[Material provided Boundary: Start]

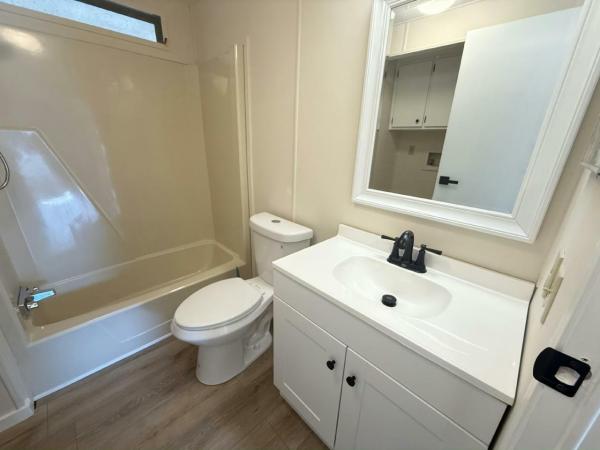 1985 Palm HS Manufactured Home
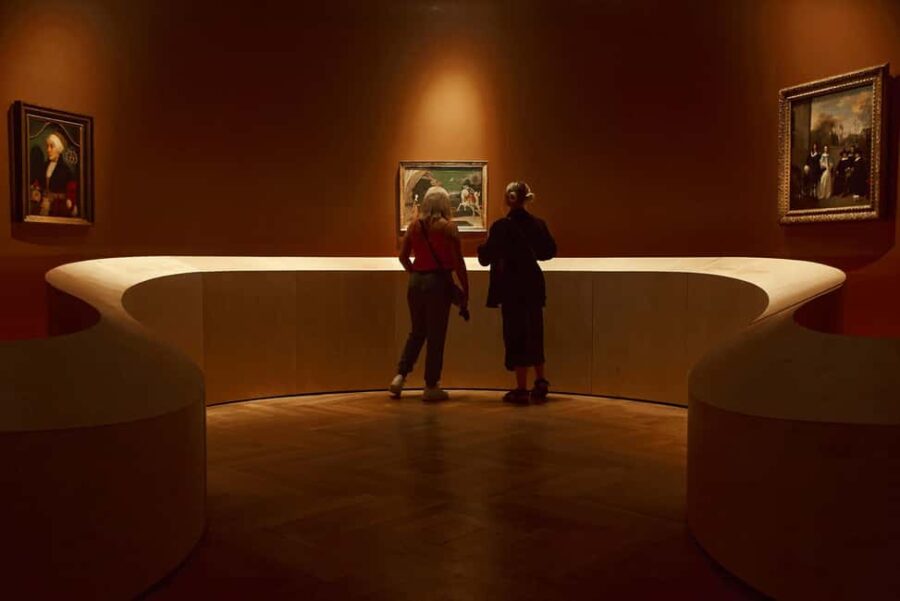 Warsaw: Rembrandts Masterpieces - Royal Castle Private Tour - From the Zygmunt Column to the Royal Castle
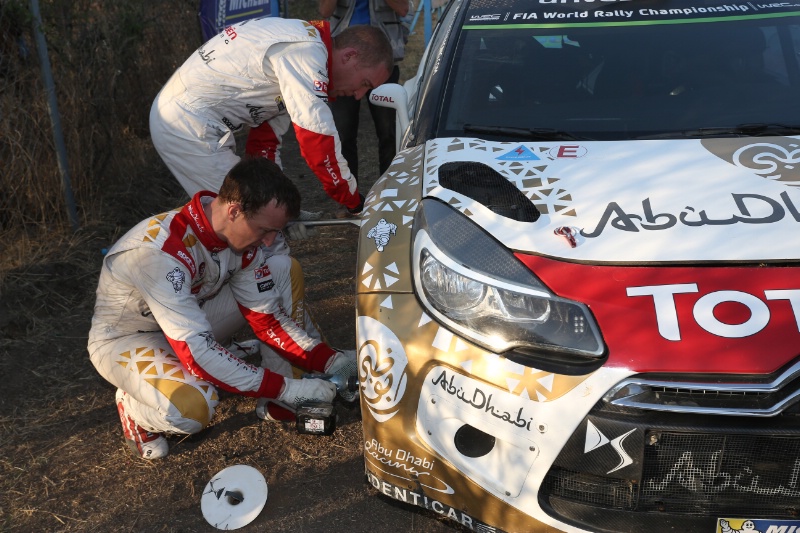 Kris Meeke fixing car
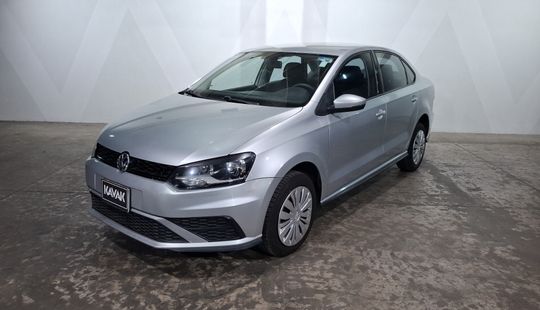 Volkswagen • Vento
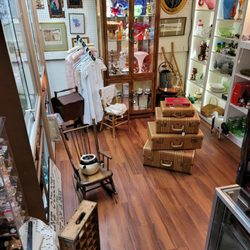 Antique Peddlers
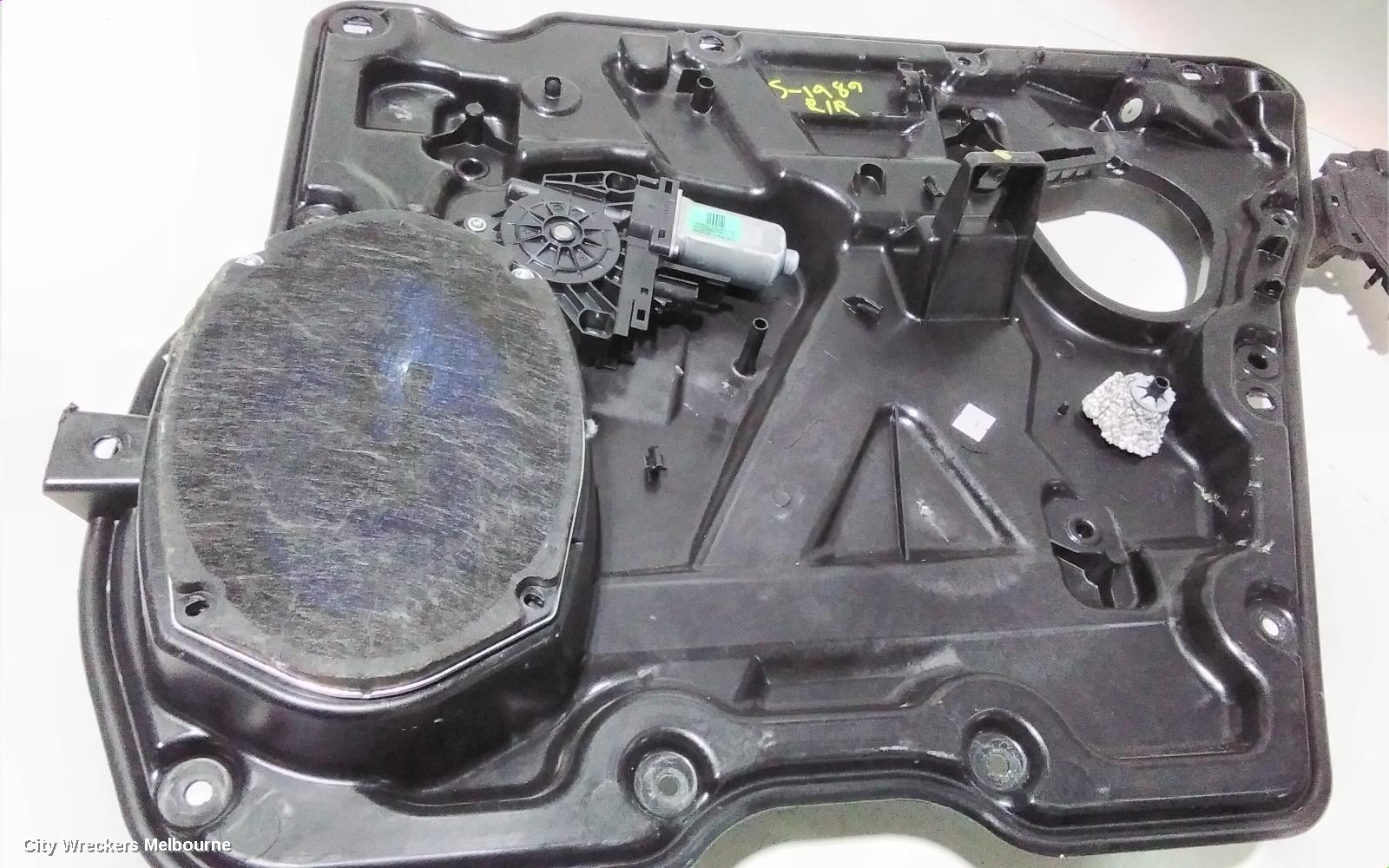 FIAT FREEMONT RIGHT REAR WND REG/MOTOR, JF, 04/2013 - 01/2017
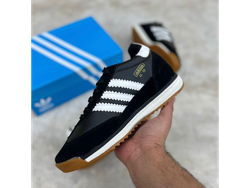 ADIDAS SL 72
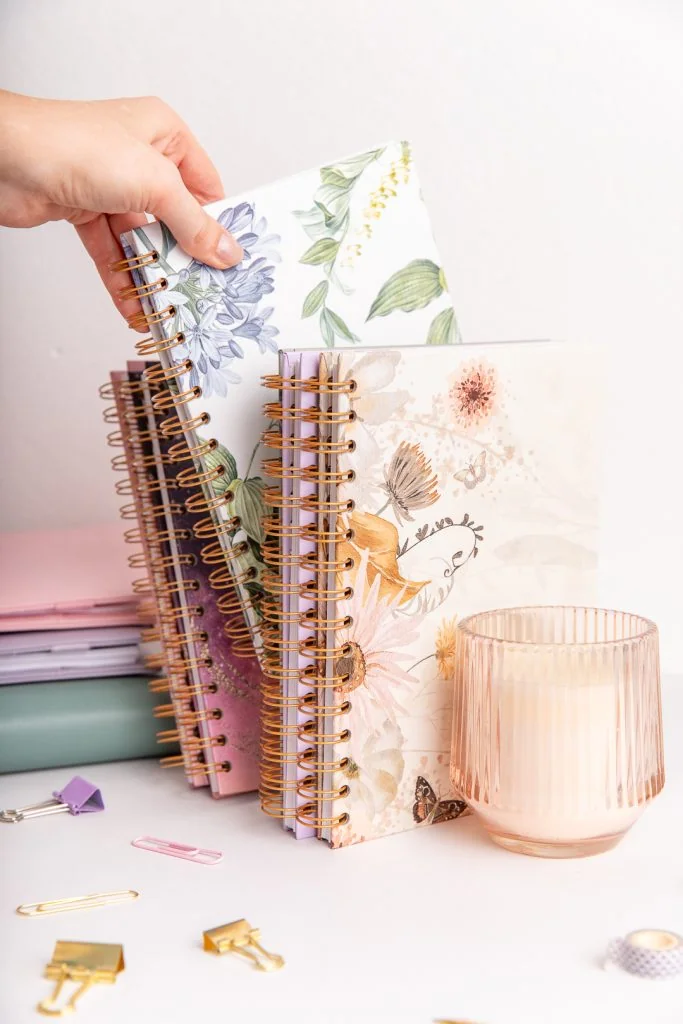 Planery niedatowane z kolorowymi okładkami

[Material provided Boundary: End]

= Aim of the task =
From the first line to the last, copy the records above exactly and leave out the pictures.

= Result of the exercise =
 1985 Palm HS Manufactured Home
 Warsaw: Rembrandts Masterpieces - Royal Castle Private Tour - From the Zygmunt Column to the Royal Castle
 Kris Meeke fixing car
 Volkswagen • Vento
 Antique Peddlers
 FIAT FREEMONT RIGHT REAR WND REG/MOTOR, JF, 04/2013 - 01/2017
 ADIDAS SL 72
 Planery niedatowane z kolorowymi okładkami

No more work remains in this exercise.